= WHAT TO DO =
In the entries below, find the line containing "Tổng thống Mỹ" and the line containing "PERFUME BOTTLE". Copy those two lines and everything between them exactly, without the pictures.

= SUPPLIED ENTRIES =
=== Begin Enclosure ===
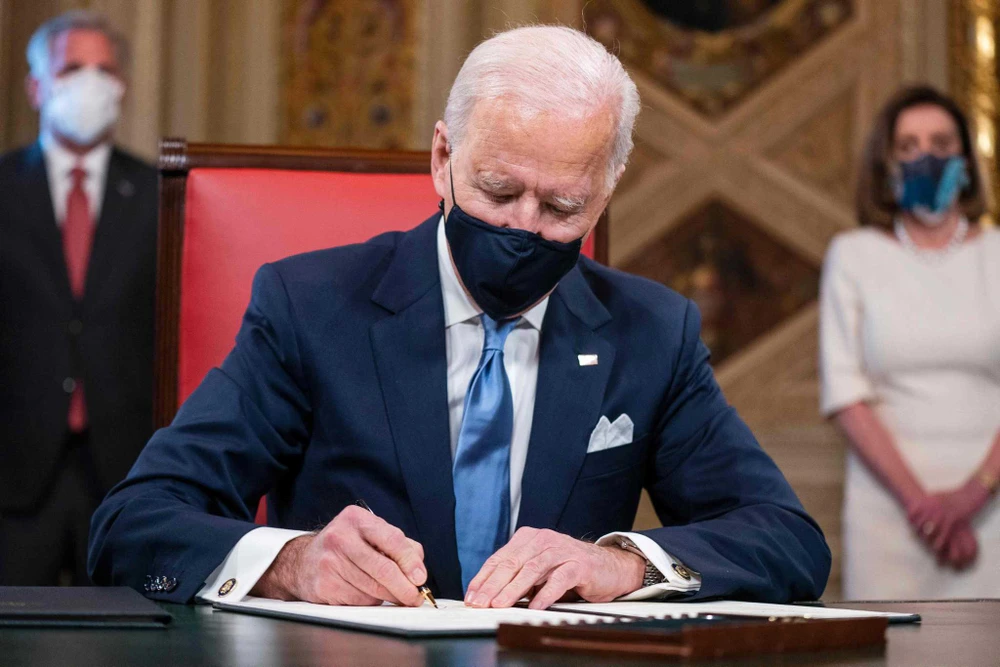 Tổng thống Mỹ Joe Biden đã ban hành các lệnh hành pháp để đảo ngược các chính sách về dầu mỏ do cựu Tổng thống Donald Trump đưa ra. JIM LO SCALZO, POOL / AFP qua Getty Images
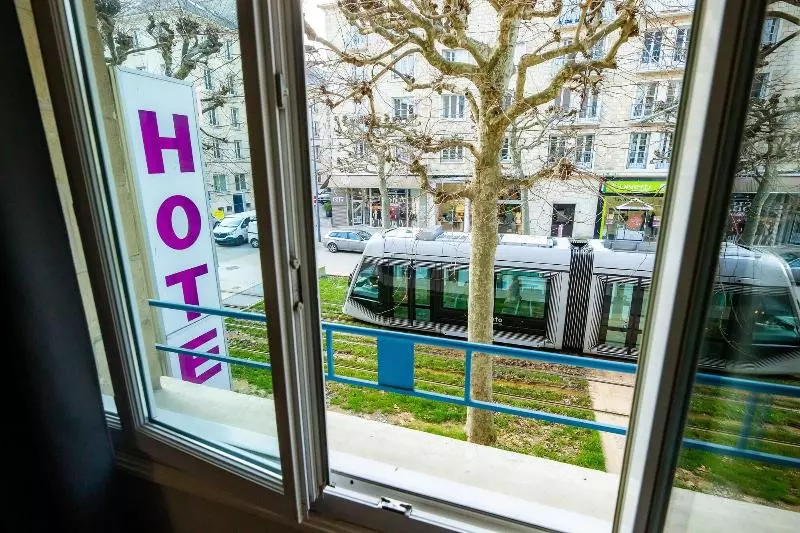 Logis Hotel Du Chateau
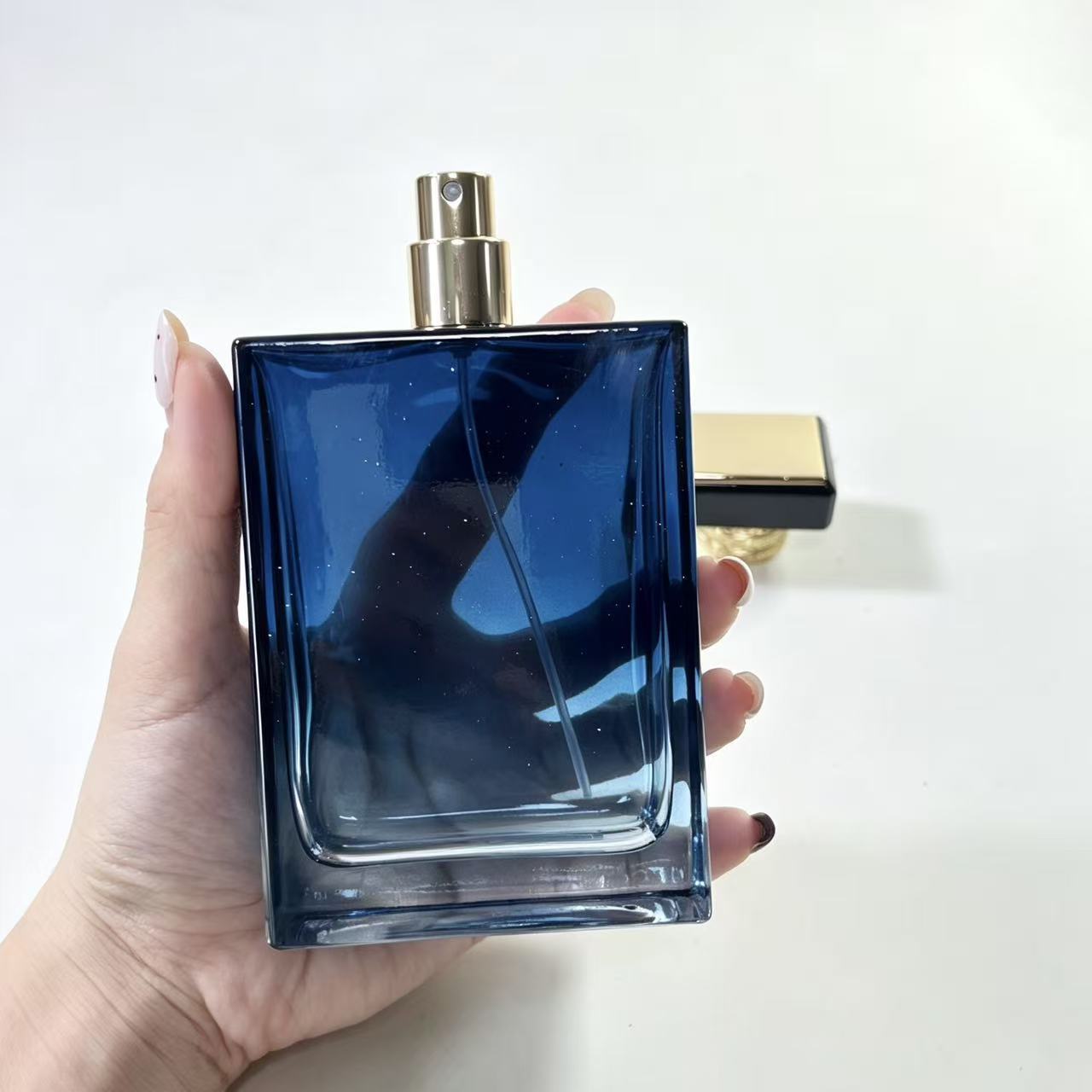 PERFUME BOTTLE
=== End Enclosure ===
=== Begin Enclosure ===
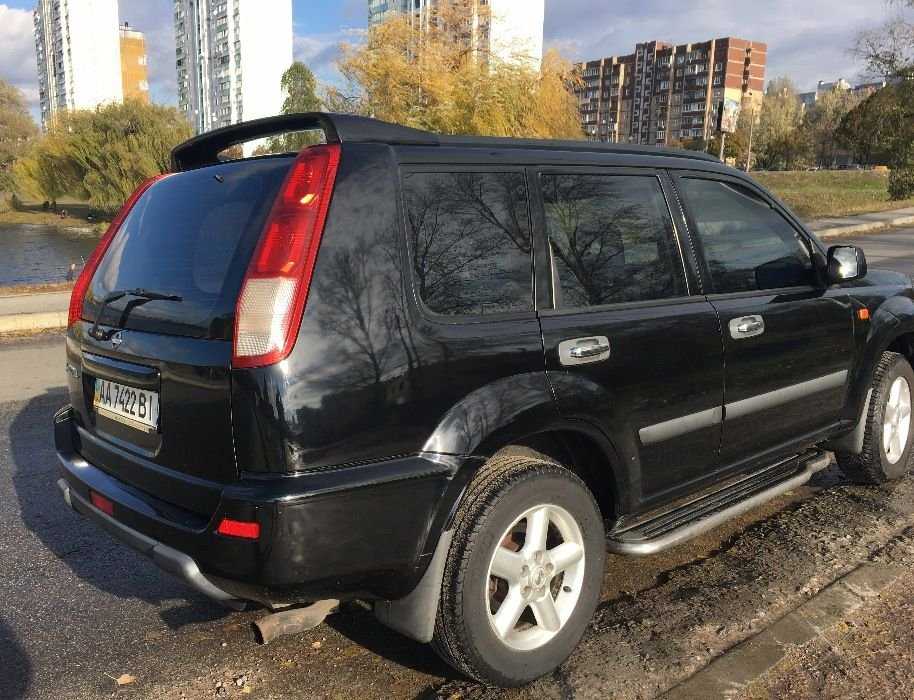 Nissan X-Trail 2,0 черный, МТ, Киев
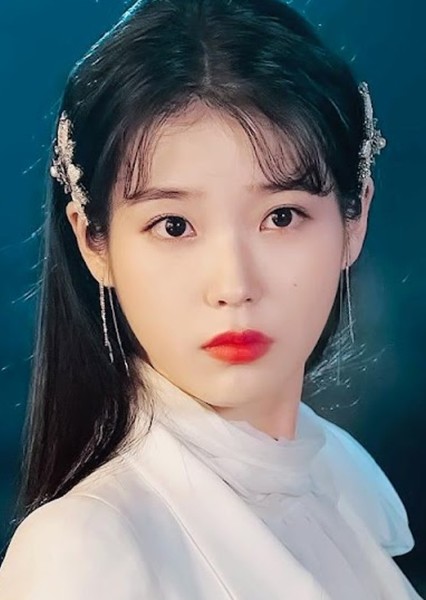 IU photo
=== End Enclosure ===
=== Begin Enclosure ===
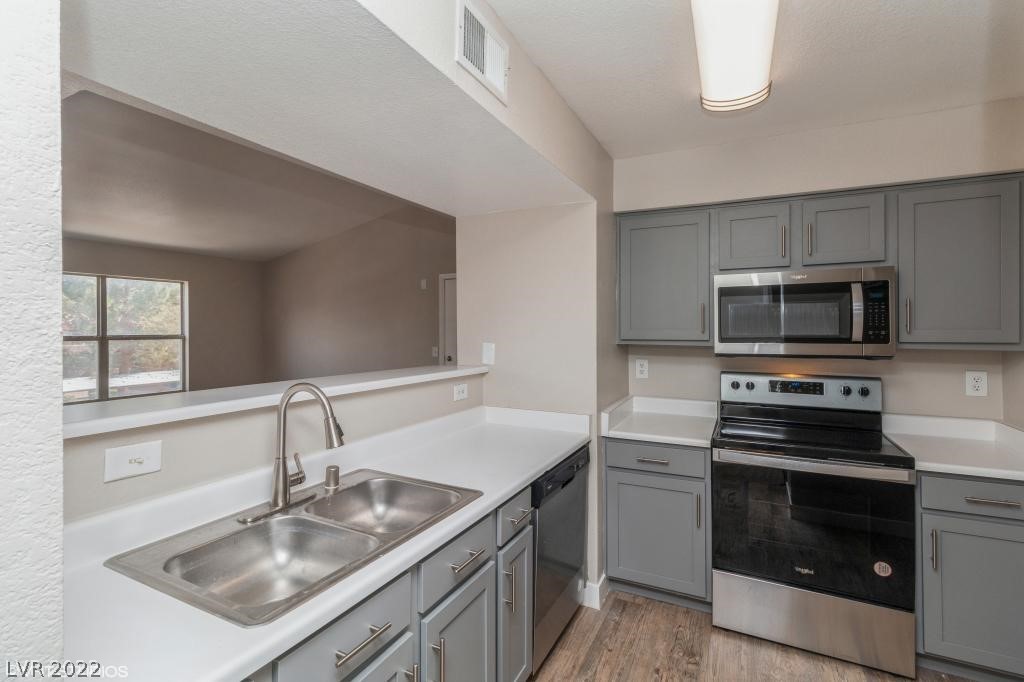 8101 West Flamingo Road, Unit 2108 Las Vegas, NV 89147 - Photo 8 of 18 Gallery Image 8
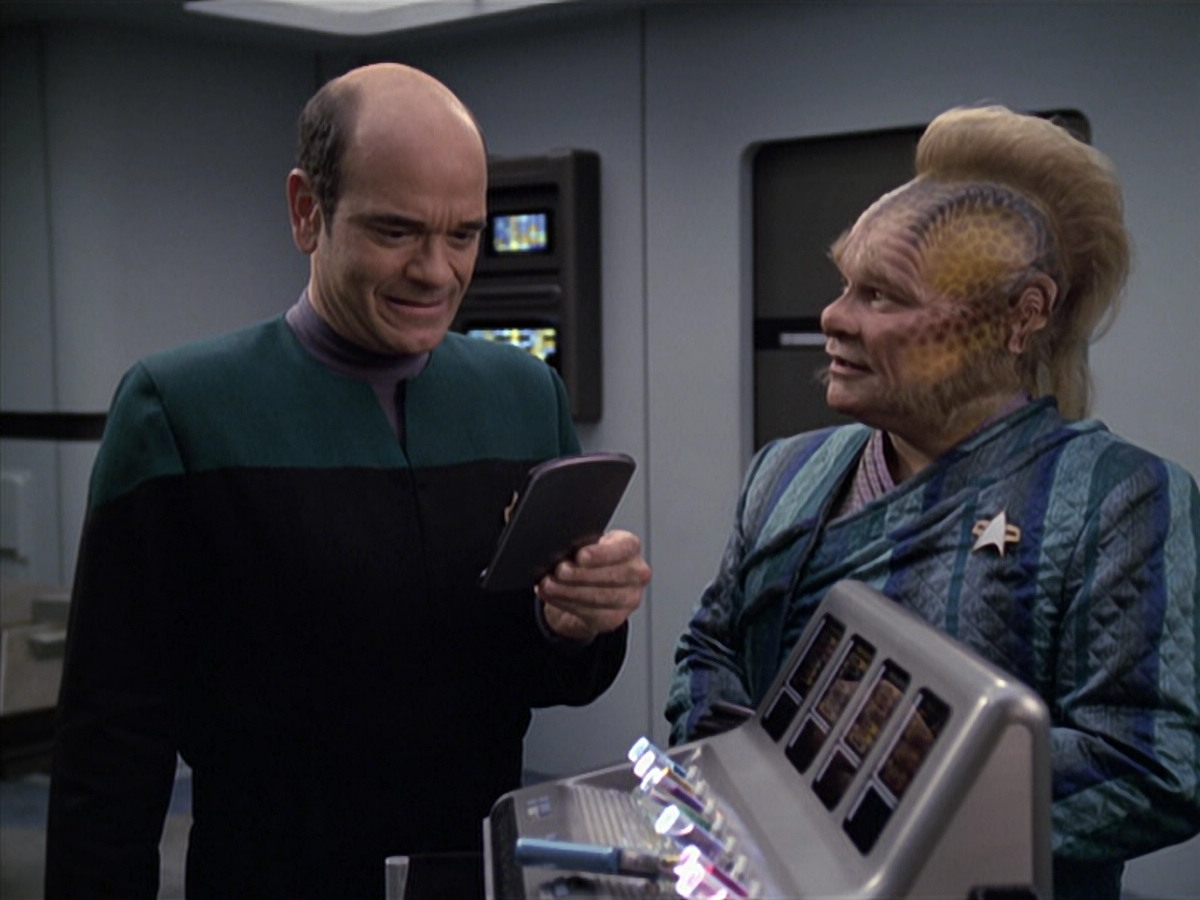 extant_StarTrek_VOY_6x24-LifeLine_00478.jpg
=== End Enclosure ===
= WRITTEN ANSWER =
 Tổng thống Mỹ Joe Biden đã ban hành các lệnh hành pháp để đảo ngược các chính sách về dầu mỏ do cựu Tổng thống Donald Trump đưa ra. JIM LO SCALZO, POOL / AFP qua Getty Images
 Logis Hotel Du Chateau
 PERFUME BOTTLE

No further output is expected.